At a certain age, a child discovers that monsters in the closet, Santa Claus, and the Tooth Fairy are only imaginary beings. Though these may be socially popular and commercially represented, eventually children will intuitively sense that adults do not take these things seriously and their existence will be questioned. We all have memories of when we discovered these lies and we know that children reflect on what they know of the world and consider whether these beings are real or merely socially accepted lies that serve some other purpose.

Children are much smarter than they are given credit for. A child eventually recognizes that he has never actually seen a monster in his closet, not been harmed by or even spoken to one, and though all of these are theoretically possible, it is more likely that the idea of monsters is a popular fabrication. Likewise, the story of Santa Claus seems not only improbable, but also nonsensical.
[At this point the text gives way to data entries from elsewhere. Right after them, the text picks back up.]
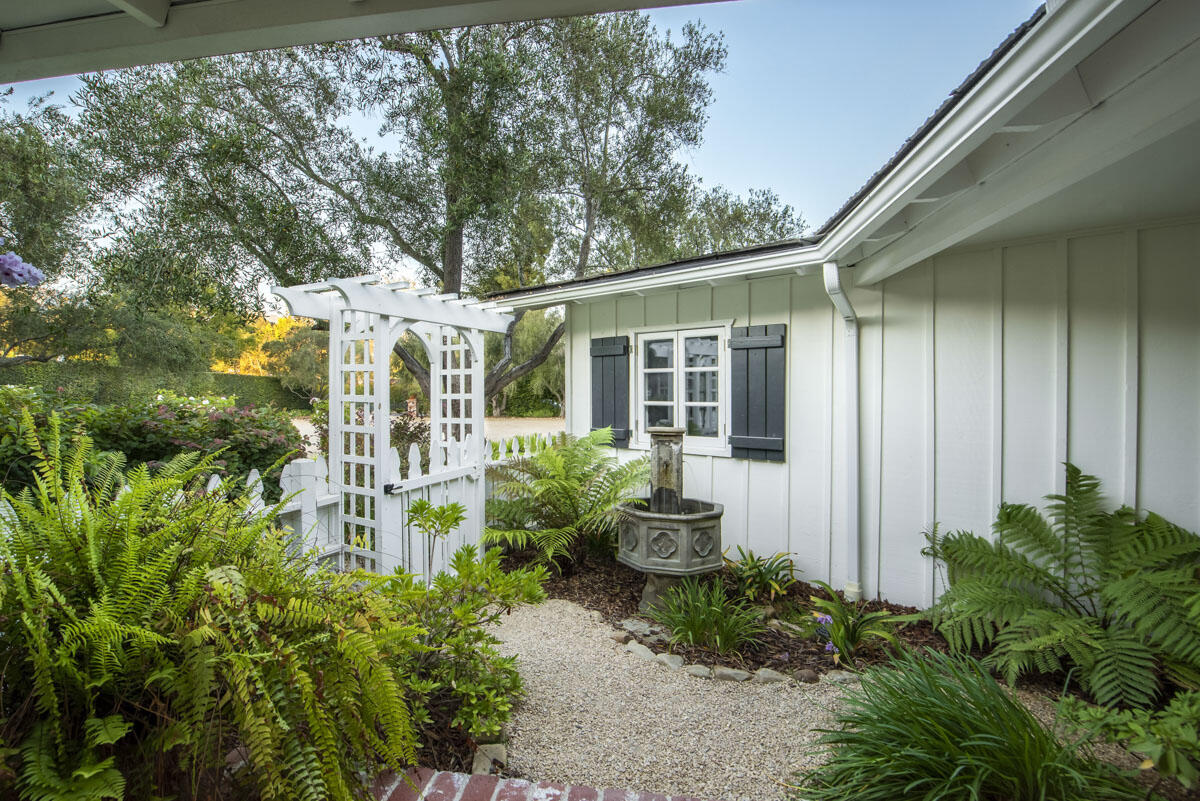 223 Rametto Road Santa Barbara, CA 93108 - Photo 6 of 35 a front view of a house with garden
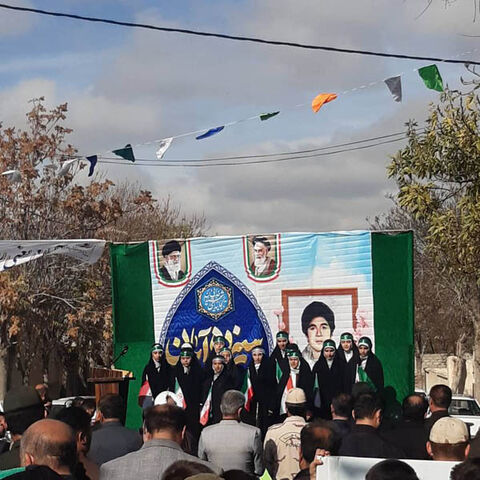 ایستگاه‌های نقاشی و چهره‌نگاری مراکز کانون پارس‌آباد، انگوت و رضی در مسیر راهپیمایی ۱۳ آبان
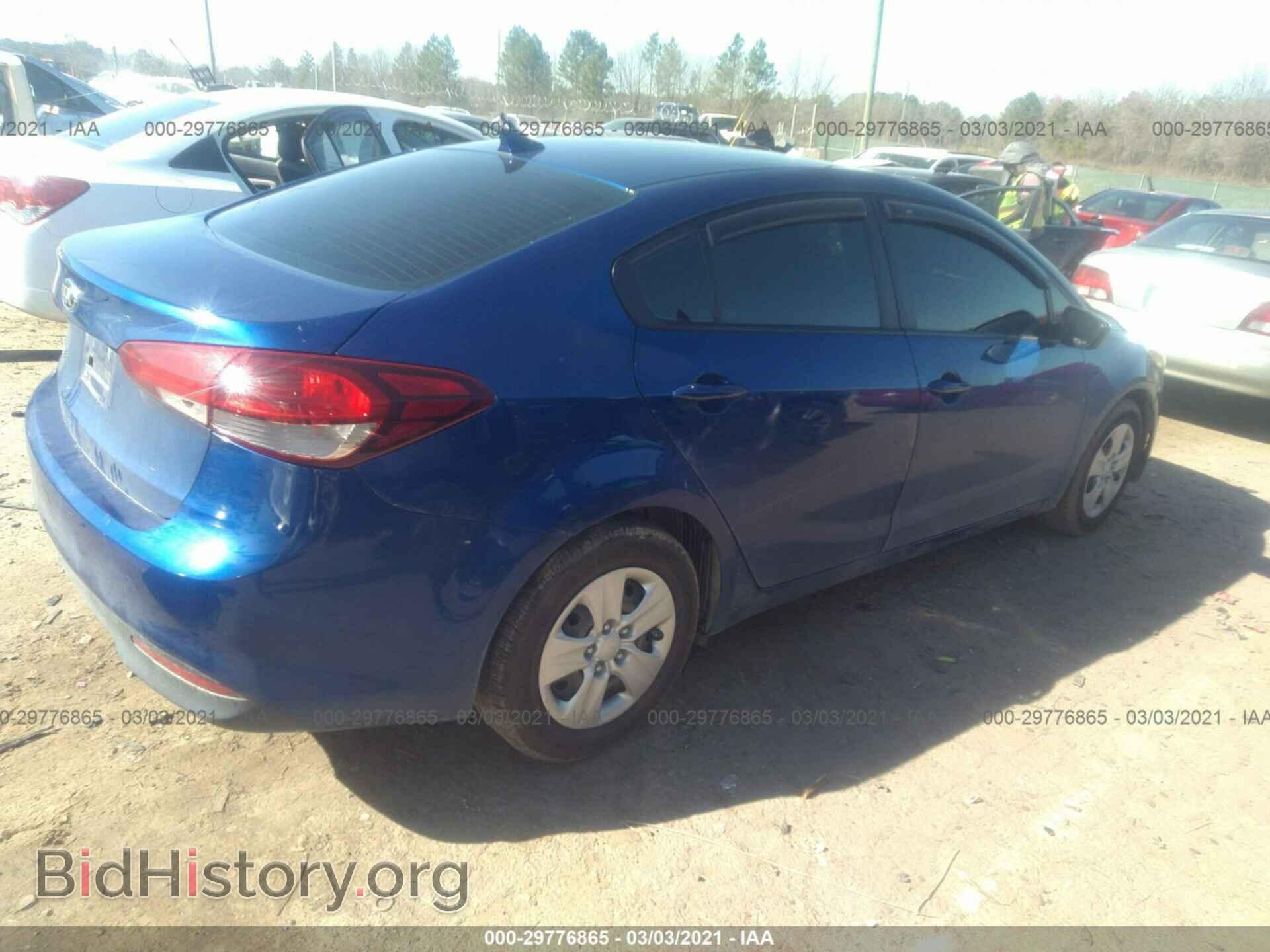 2017 KIA FORTE - VIN: 3KPFK4A79HE011248 - Фото 4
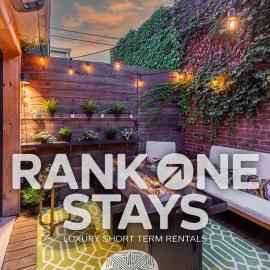 Pittsburgh में, होटल Chic Home with King Bed and Fire Pit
The idea of elves toiling in a far away workshop that has never been witnessed and can never be visited seems suspect. Similarly, a sleigh supposedly led through the air by flying reindeer and an omniscient but benevolent jolly man in a red suit appears absurd on its face and lacks any credible counterpart in reality. Yet, every year there are millions of children who have been raised to believe the lies and eagerly seek their affirmation, a role which adults are all too happy to play out with costumes, rituals, events, and tall tales so they can keep the illusion alive.

Monsters and Santa Claus are hardly the worst lies that parents teach their children, but they are an example of how a child's trust and innocence are manipulated without consideration for the effects. If the preservation of a child's autonomy is not achieved by breaking the pattern of imprinted dogma, the cycle of abuse will continue unabated. It is essential that parents become aware of the cycle and pledge to not force their children into the role of ego clones.

Nature prospers when it is allowed a fresh start. Consequently it rewards those who are not crippled by fraudulent misconceptions while penalizing the deluded who are forced to suffer for the errors they have chosen or inherited. Humans are the remarkable in that they are the only animals that invent illusions to distance themselves from nature and then take these illusions as truth despite the consequences. Parents owe it to their children and their belief in the potential of the future to not spread more lies disguised as the generous gifts of adult wisdom.